A ce titre, deux noms étaient envisageables, celui de Benedict Cumberbatch, qui avait un temps été envisagé comme Docteur, juste avant Matt Smith, ou celui de Tom Hiddleston, qui a de nombreuses fois fait l'objet de rumeurs quant à une (brève) apparition dans Doctor Who. Et c'est le second acteur que je vois le mieux dans le rôle, tout d'abord car il est moins occupé et "franchisé" que son collègue - même s'ils sont tous les deux des personnages de Marvel Studios - mais surtout parce que sa palette de jeu est plus étendue. Du haut de ses 34 ans, l'acteur incarnerait parfaitement l'élégance et l'humour de ce personnage mythique.
Le Docteur ne voyageant que rarement seul, il lui fallait bien sûr un compagnon pour l'aider sans sa quête. Et si j'aime l'approche candide de Doctor Who - on parle tout de même d'un type qui voyage sans cesses avec des jeunes filles - je préfère cette idée du coup de foudre venu de l'espace, entre lui et une certaine Rose (Billie Piper). Sans qu'elle incarne toutefois le même personnage, j'imaginais donc l'extrêmement talentueuse Felicty Jones dans un rôle similaire, où son charme naturel, sa polyvalence et son accent fort british seraient de puissants atouts.
Du côté des autres rôles, j'envisageais bien sûr Le Maître, ou The Master si vous préférez, en grand vilain de cette histoire. Bloqué entre l'espace et le temps suite à la guerre entre Gallifrey et les Daleks, il tenterait de revenir en brisant sa propre continuité - créant des paradoxes temporels - avant d'arriver sur Terre. Et pour incarner ce vilain plutôt classe et maniaque, Cillian Murphy et sa magnétique apparence seraient bienvenus. Enfin, puisque on ne peut pas envisager un film d'Edgar Wright sans Nick Frost et Simon Pegg (qui ont tous les deux joué dans Doctor Who d'ailleurs), on serait ravis de les retrouver dans des petits rôles en forme de caméos.

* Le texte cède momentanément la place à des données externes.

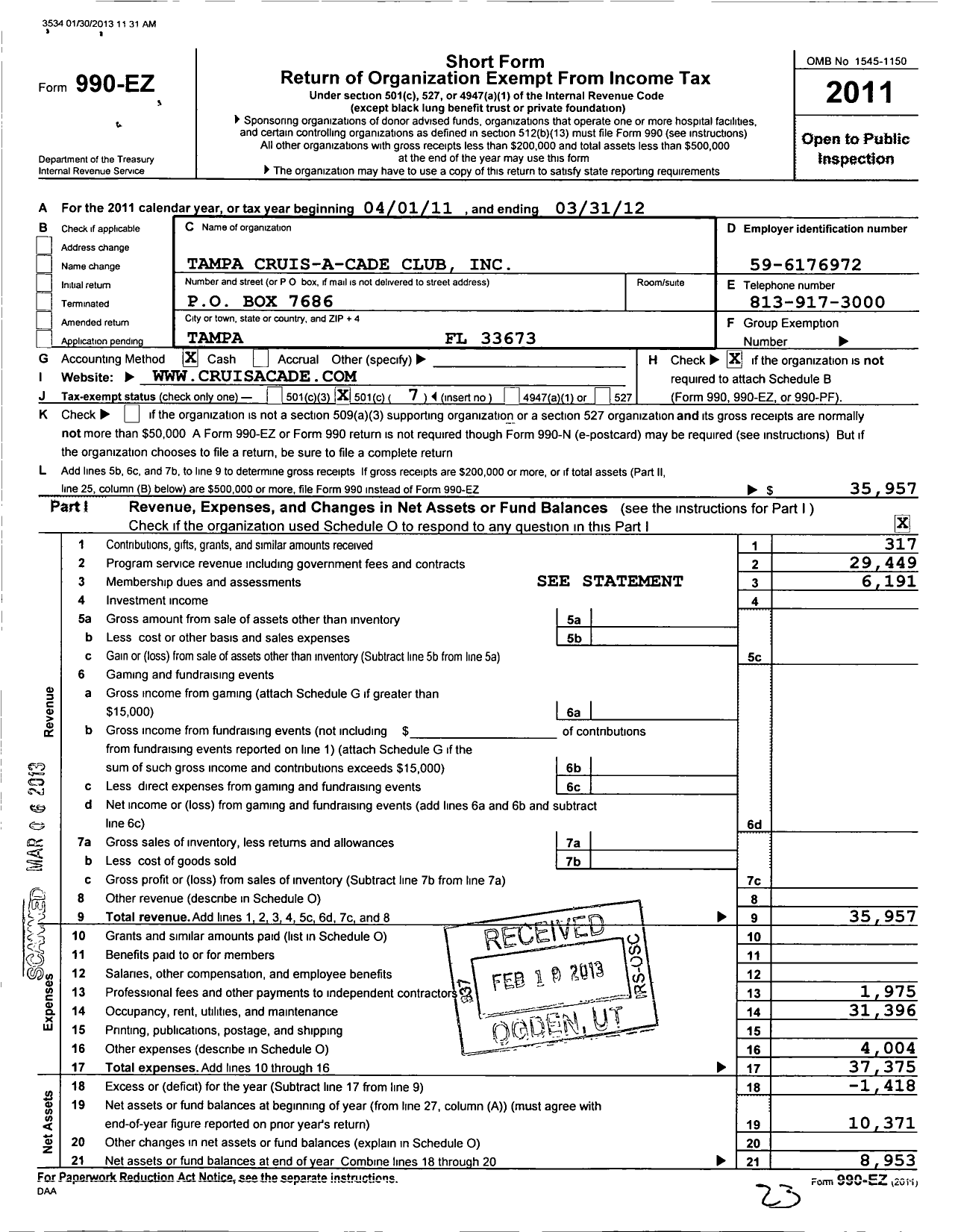 Image of first page of 2011 Form 990EO for Tampa Cruise Acade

Derrière un film Doctor Who, l'idée est tout autant de lancer une géniale franchise sur le grand écran (qui comme James Bond pourrait être anthologique et proposer des réalisateurs et des acteurs différents à chaque nouveau film) que de réparer les erreurs de la série et de sa main lourde en profitant de moyens et de temps supplémentaires. Le tout dirigé par un Edgar Wright aussi britannique d'esprit que créatif à la réalisation.